**STORED DATA:**

:::

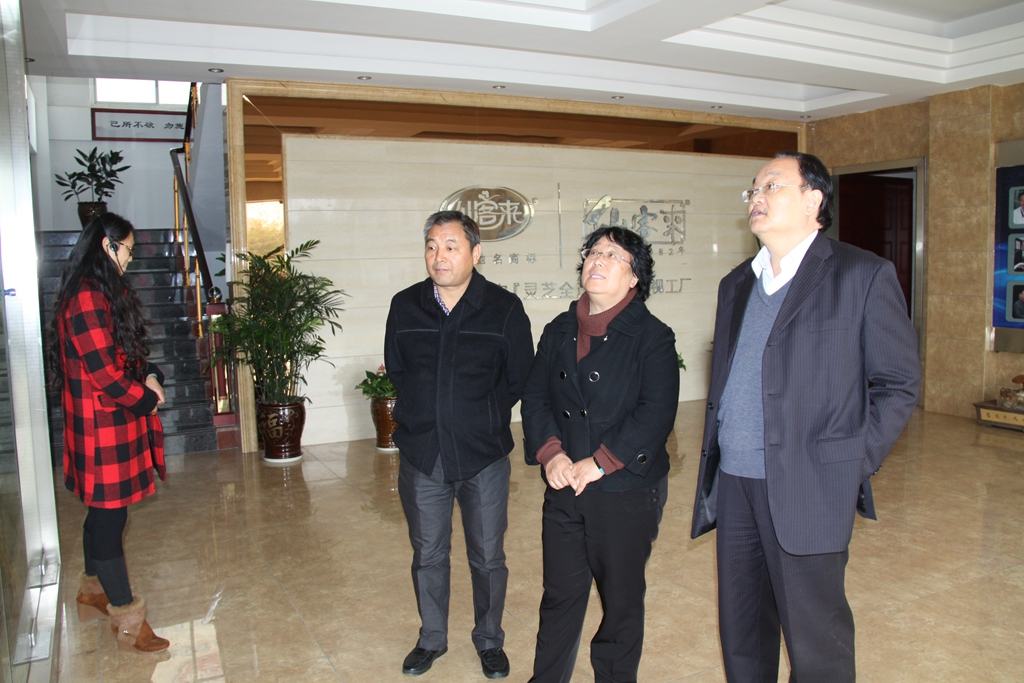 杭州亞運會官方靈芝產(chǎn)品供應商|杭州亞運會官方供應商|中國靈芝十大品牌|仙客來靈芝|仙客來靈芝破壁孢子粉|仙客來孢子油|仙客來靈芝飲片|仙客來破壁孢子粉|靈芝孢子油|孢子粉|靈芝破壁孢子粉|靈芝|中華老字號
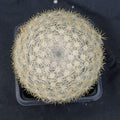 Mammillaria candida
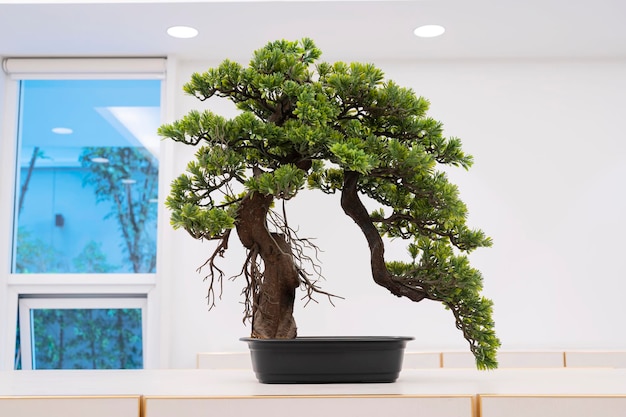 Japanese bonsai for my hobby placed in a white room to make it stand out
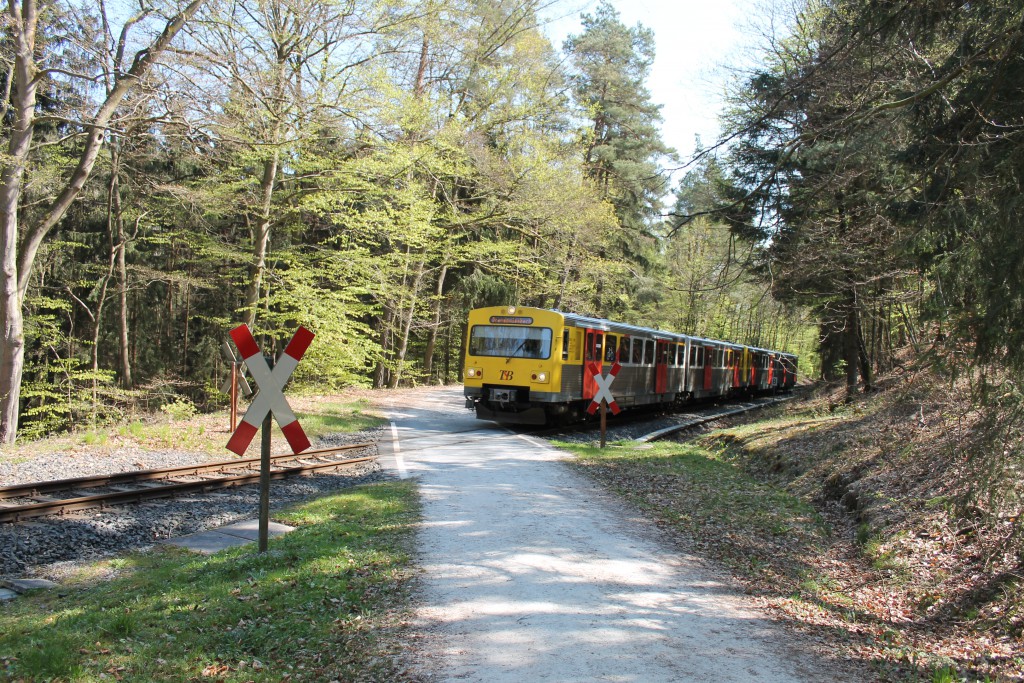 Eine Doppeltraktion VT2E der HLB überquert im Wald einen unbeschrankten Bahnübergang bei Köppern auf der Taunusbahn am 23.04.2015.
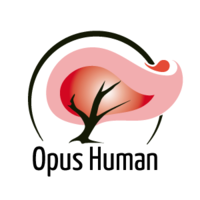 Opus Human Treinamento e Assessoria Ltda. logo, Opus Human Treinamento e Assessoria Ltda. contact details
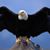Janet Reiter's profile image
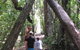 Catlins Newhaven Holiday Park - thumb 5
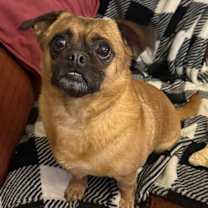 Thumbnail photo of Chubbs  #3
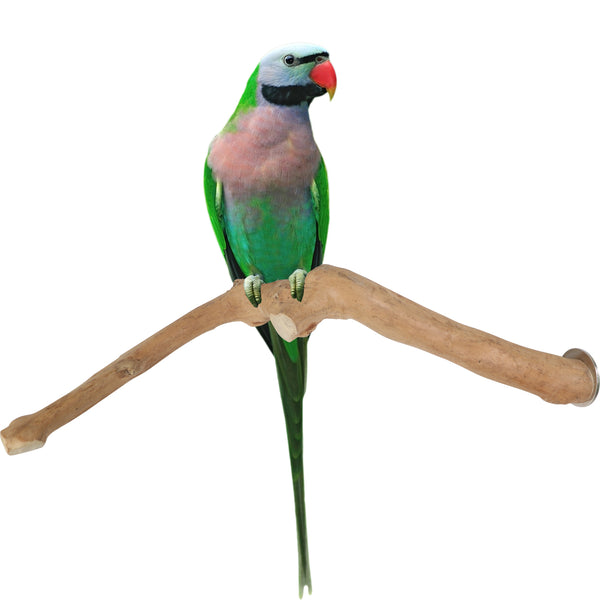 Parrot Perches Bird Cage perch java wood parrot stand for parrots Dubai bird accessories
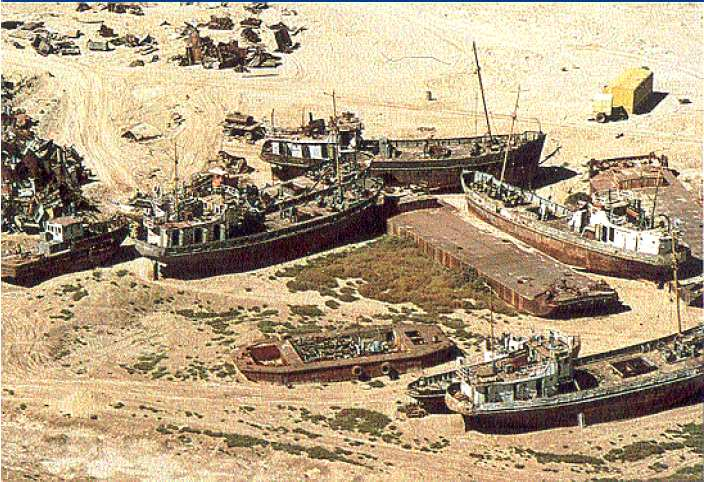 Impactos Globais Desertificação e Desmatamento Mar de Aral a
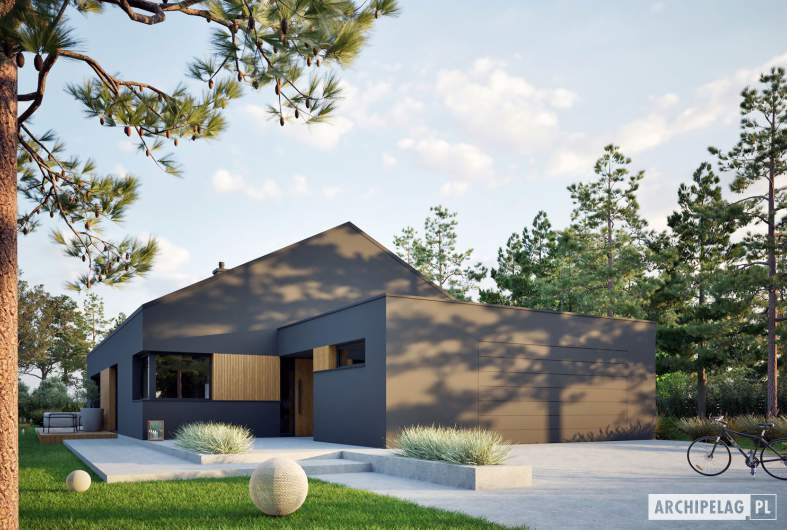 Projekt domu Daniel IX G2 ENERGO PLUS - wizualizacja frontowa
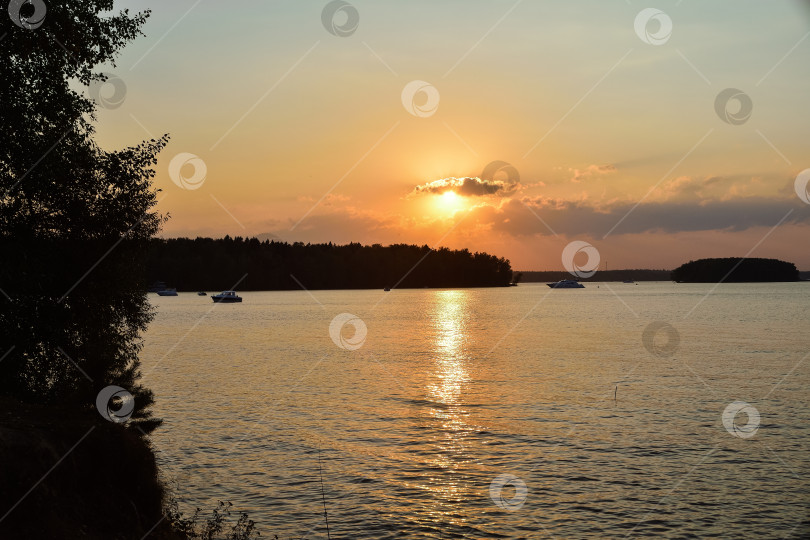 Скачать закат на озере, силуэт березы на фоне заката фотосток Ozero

:::

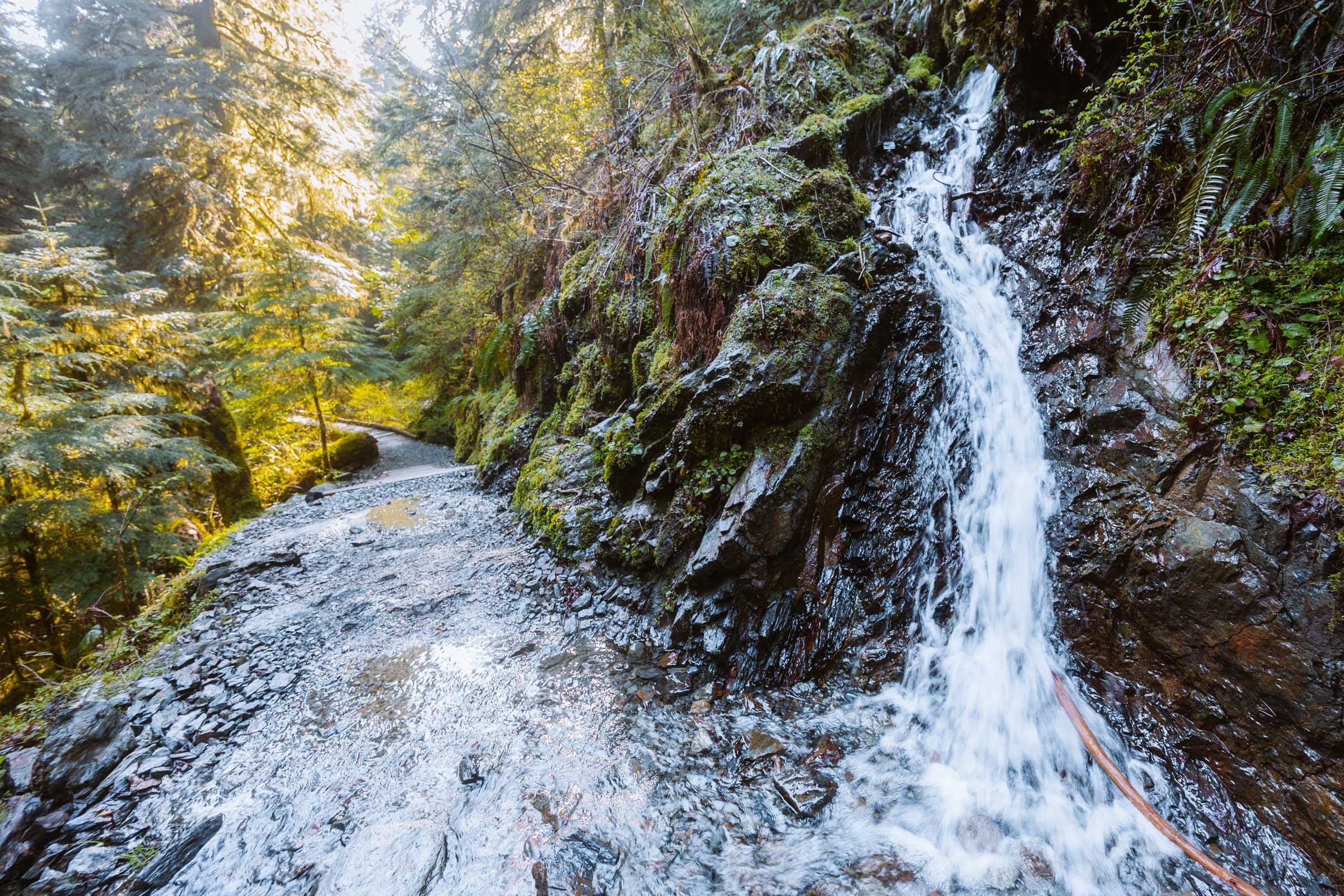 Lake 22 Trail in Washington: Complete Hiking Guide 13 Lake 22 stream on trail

:::

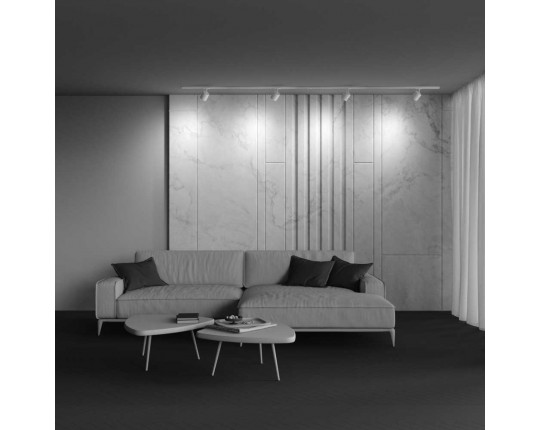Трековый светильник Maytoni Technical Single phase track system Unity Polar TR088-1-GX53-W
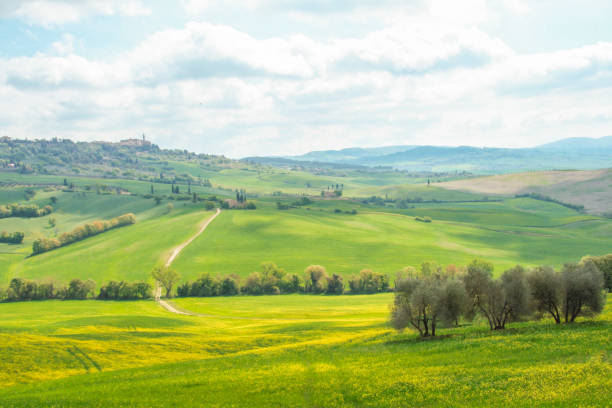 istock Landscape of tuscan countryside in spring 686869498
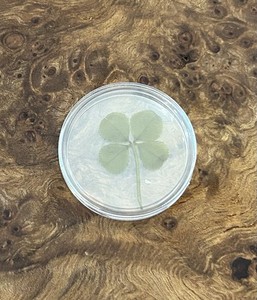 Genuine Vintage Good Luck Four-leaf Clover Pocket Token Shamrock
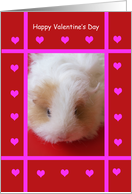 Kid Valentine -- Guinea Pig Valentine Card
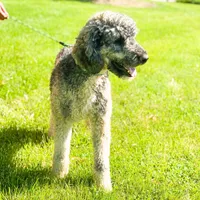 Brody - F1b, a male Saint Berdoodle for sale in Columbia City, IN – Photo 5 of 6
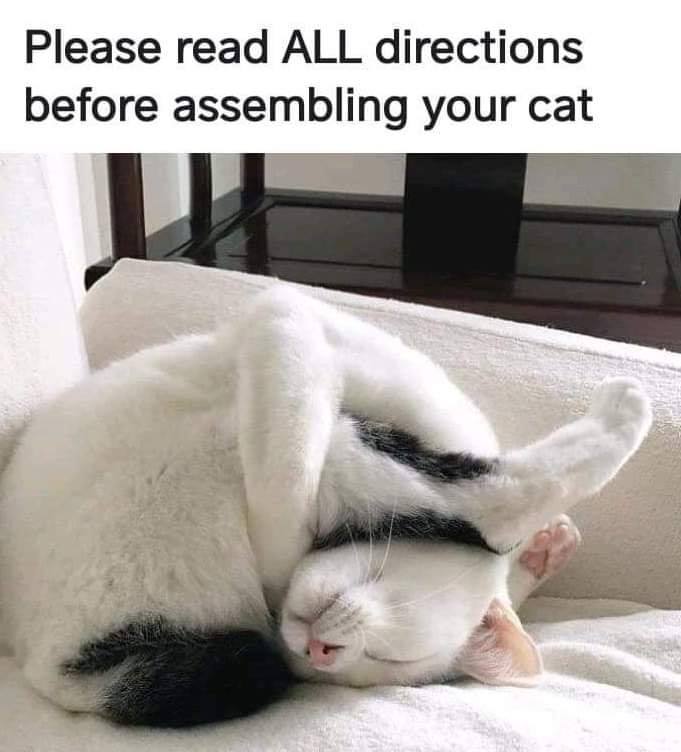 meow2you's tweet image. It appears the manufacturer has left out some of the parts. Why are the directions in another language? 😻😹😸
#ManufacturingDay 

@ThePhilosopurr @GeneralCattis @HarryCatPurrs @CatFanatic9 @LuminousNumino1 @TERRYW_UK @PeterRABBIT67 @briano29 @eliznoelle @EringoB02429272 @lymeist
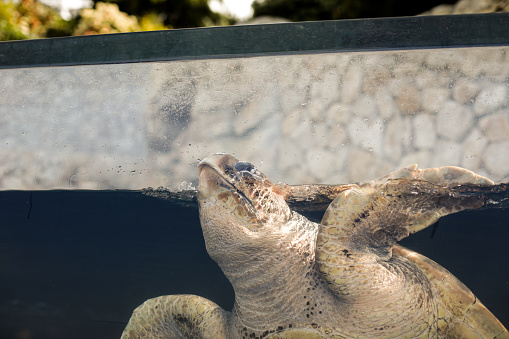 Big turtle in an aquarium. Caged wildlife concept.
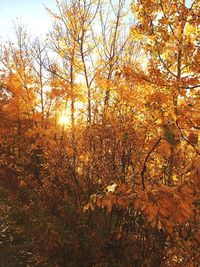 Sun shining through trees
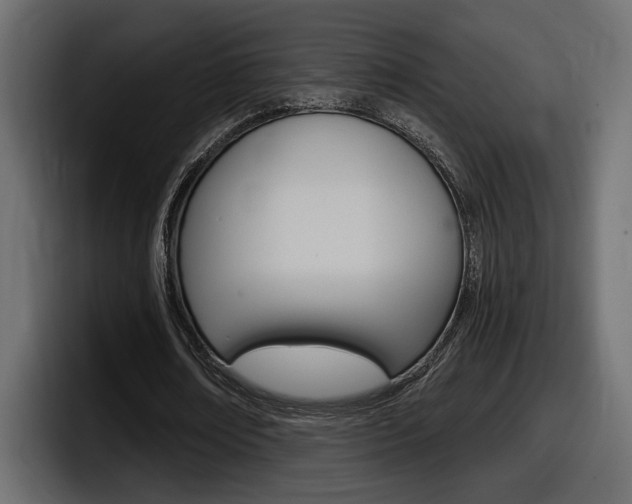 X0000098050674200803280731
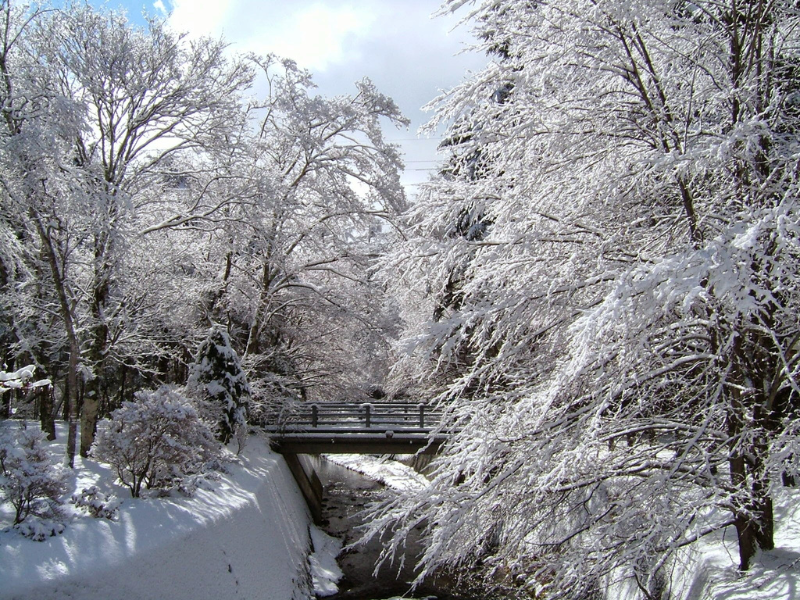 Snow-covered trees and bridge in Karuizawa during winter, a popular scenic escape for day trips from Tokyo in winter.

:::

**ACTIVITY:** Repeat only the stretch of data above that runs from the line with "Mammillaria candida" to the line with "Скачать закат на". Keep both end lines; exclude pictures.

**RESULT:**
 Mammillaria candida
 Japanese bonsai for my hobby placed in a white room to make it stand out
 Eine Doppeltraktion VT2E der HLB überquert im Wald einen unbeschrankten Bahnübergang bei Köppern auf der Taunusbahn am 23.04.2015.
 Opus Human Treinamento e Assessoria Ltda. logo, Opus Human Treinamento e Assessoria Ltda. contact details
Janet Reiter's profile image
 Catlins Newhaven Holiday Park - thumb 5
 Thumbnail photo of Chubbs  #3
 Parrot Perches Bird Cage perch java wood parrot stand for parrots Dubai bird accessories
 Impactos Globais Desertificação e Desmatamento Mar de Aral a
 Projekt domu Daniel IX G2 ENERGO PLUS - wizualizacja frontowa
 Скачать закат на озере, силуэт березы на фоне заката фотосток Ozero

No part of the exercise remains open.